Casus: Hoge Raad 26 januari 2024

In de zaak van 26 januari 2024 (ECLI:NL:HR:2024:111) rees de vraag of dit criterium ook geldt wanneer de werkgever beweert de arbeidsovereenkomst te hebben opgezegd en de werknemer dit betwist.

Feiten van de zaak

De werknemer trad in 2016 in dienst bij de werkgever op basis van een contract voor onbepaalde tijd. In oktober 2018 meldde hij zich ziek en ontving op 21 december 2018 een brief van de werkgever met als koptekst “Ontslag wegens sluiting [naam werkgever]”. De werknemer betwistte dat deze brief de arbeidsovereenkomst beëindigde en vorderde loondoorbetaling tot rechtsgeldige beëindiging van de overeenkomst.

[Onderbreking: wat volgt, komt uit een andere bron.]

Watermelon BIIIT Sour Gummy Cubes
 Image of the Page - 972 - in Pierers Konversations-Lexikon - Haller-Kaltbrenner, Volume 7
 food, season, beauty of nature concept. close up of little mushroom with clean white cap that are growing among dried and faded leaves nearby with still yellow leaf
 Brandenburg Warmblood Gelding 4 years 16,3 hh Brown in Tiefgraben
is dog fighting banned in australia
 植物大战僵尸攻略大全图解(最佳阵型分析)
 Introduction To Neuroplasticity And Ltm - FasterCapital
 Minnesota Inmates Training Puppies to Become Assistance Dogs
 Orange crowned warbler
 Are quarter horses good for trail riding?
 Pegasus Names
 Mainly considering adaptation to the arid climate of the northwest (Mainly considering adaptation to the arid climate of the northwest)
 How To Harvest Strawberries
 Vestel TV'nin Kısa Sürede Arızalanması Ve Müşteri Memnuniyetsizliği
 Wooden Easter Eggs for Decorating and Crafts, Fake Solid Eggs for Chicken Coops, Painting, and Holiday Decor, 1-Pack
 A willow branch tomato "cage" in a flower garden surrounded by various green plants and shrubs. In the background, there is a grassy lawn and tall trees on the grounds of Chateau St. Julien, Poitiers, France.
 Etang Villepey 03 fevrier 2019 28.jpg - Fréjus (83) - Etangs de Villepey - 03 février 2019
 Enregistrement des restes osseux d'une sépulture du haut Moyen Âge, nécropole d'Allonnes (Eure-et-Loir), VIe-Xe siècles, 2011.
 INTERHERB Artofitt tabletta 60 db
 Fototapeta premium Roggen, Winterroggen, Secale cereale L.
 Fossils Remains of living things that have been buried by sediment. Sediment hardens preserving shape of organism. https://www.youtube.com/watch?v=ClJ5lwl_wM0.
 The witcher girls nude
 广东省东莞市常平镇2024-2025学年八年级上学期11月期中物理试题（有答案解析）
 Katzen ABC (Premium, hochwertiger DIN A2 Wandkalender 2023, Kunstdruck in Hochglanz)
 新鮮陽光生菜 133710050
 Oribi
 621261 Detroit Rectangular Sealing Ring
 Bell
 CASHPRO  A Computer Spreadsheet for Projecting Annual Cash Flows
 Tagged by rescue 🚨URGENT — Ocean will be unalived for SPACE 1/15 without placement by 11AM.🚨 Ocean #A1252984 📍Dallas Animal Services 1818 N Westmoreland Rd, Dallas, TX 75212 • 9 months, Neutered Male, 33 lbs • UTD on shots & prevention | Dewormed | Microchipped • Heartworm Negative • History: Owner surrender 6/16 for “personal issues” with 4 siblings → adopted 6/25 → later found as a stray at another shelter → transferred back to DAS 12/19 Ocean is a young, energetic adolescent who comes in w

De kantonrechter en later het hof oordeelden dat de werknemer uit de bewoordingen van de brief had moeten begrijpen dat de arbeidsovereenkomst per direct werd beëindigd, en dat de duidelijk- en ondubbelzinnigheidsmaatstaf hier niet van toepassing was. De beoordeling moest volgens hen gebeuren aan de hand van de wils- en vertrouwensleer van artikel 3:33 en 3:35 BW.

Oordeel van de Hoge Raad

De Hoge Raad oordeelde dat de duidelijk- en ondubbelzinnigheidsmaatstaf niet van toepassing is bij de vraag of een verklaring van de werkgever als opzegging kan worden beschouwd. Evenmin is de werkgever verplicht om te controleren of de werknemer de opzegging heeft begrepen of om de werknemer voor te lichten over de gevolgen van die opzegging.

Daarnaast corrigeerde de Hoge Raad een fout van het hof, dat oordeelde dat de werkgever tot 21 december 2018 loon moest doorbetalen. De brief van de werkgever had namelijk pas werking vanaf het moment dat deze de werknemer bereikte, wat op 31 december 2018 was. Daarom veroordeelde de Hoge Raad de werkgever tot loondoorbetaling tot 31 december 2018.

Conclusie

Deze uitspraak van de Hoge Raad biedt extra duidelijkheid: de duidelijk- en ondubbelzinnigheidsmaatstaf is niet van toepassing op verklaringen van de werkgever. In plaats daarvan geldt de wils- en vertrouwensleer van artikel 3:33 en 3:35 BW. Dit biedt voldoende duidelijkheid zonder de striktere eisen van de duidelijk- en ondubbelzinnigheidsmaatstaf, die enkel bedoeld is om werknemers te beschermen tegen overhaast ontslag door henzelf.